Task data —
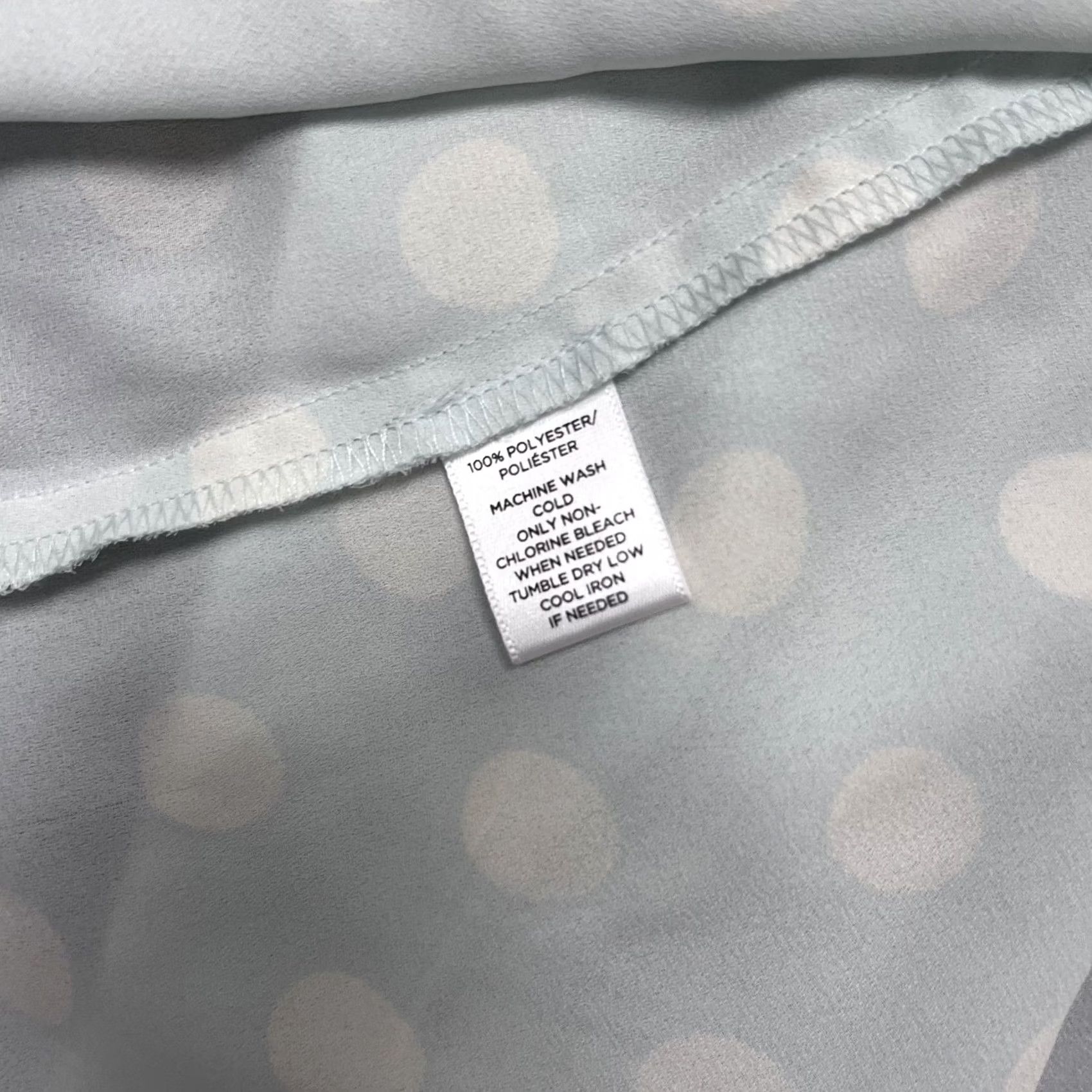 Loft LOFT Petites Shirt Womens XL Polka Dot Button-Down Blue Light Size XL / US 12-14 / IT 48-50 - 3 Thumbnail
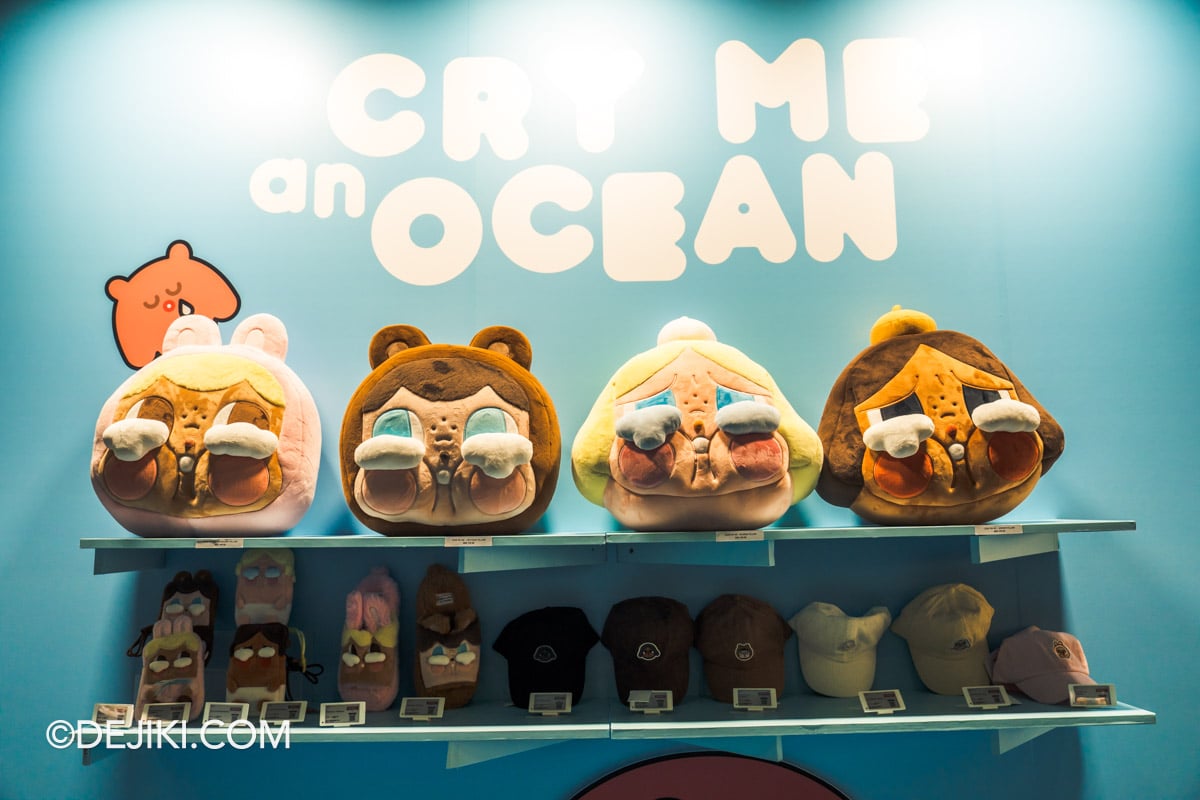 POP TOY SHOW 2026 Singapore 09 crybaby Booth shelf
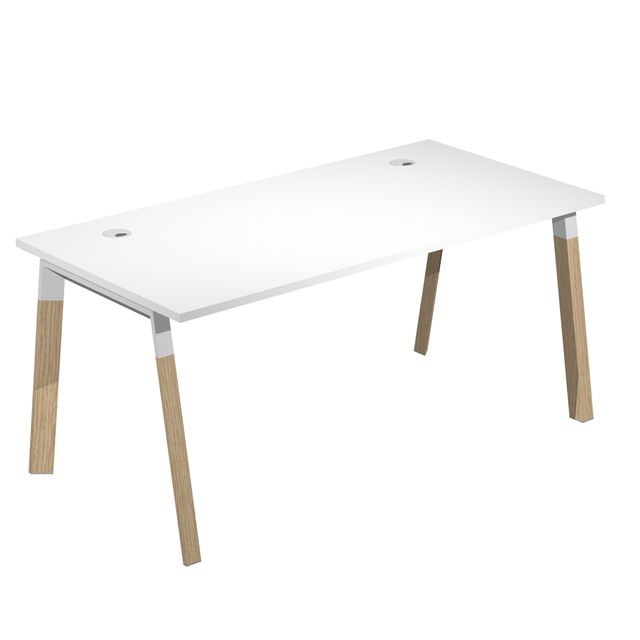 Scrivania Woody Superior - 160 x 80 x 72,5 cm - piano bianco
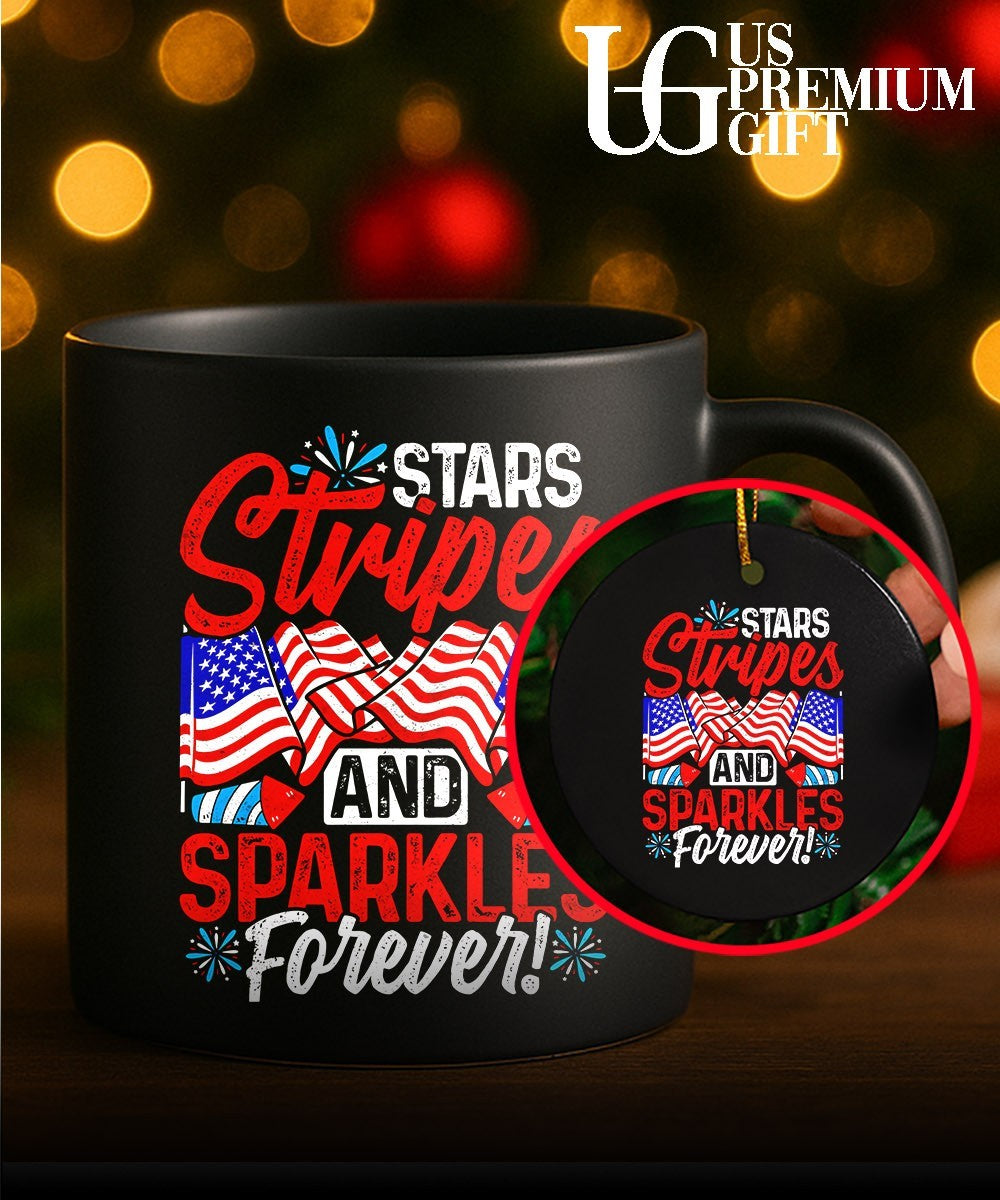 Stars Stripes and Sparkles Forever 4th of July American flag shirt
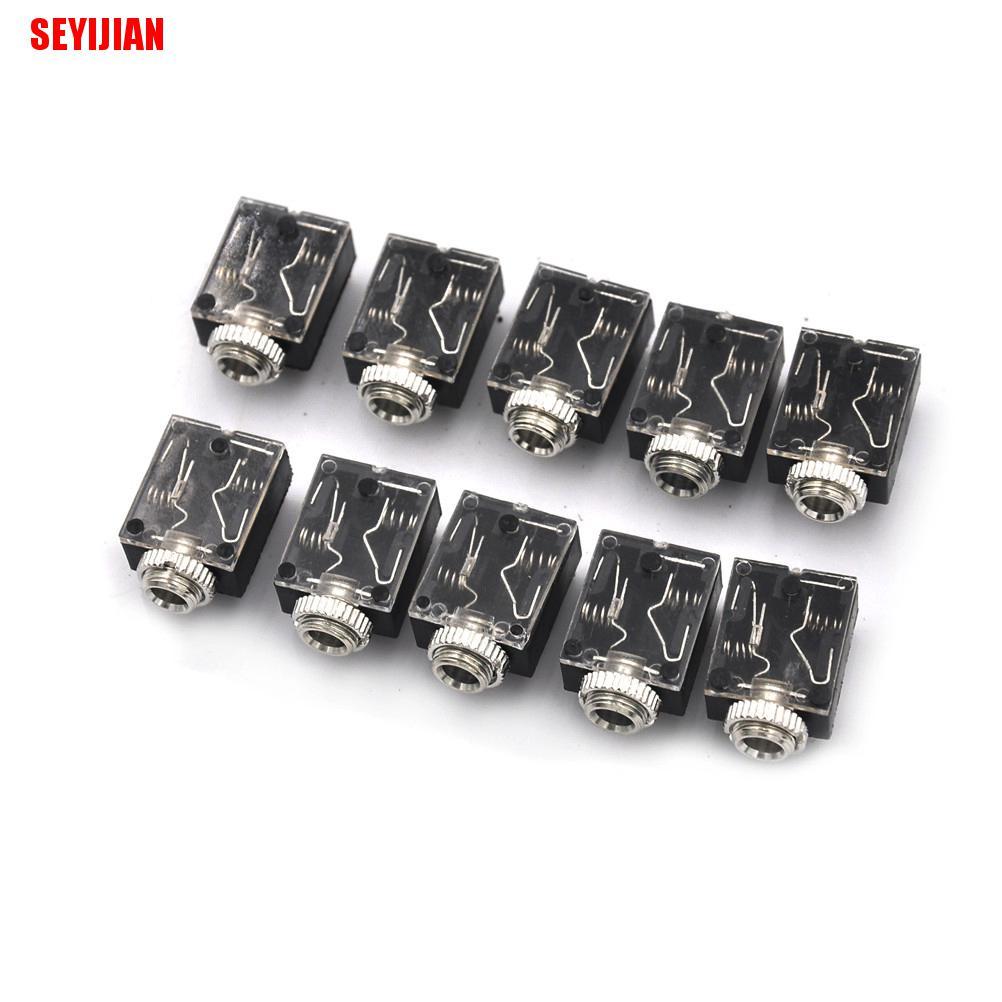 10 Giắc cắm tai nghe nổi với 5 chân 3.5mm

Exercise —
Where the line holding "Stars Stripes and" appears, start copying, and continue exactly through the last line of the listing, both ends included, skipping the pictures.

Task response —
 Stars Stripes and Sparkles Forever 4th of July American flag shirt
 10 Giắc cắm tai nghe nổi với 5 chân 3.5mm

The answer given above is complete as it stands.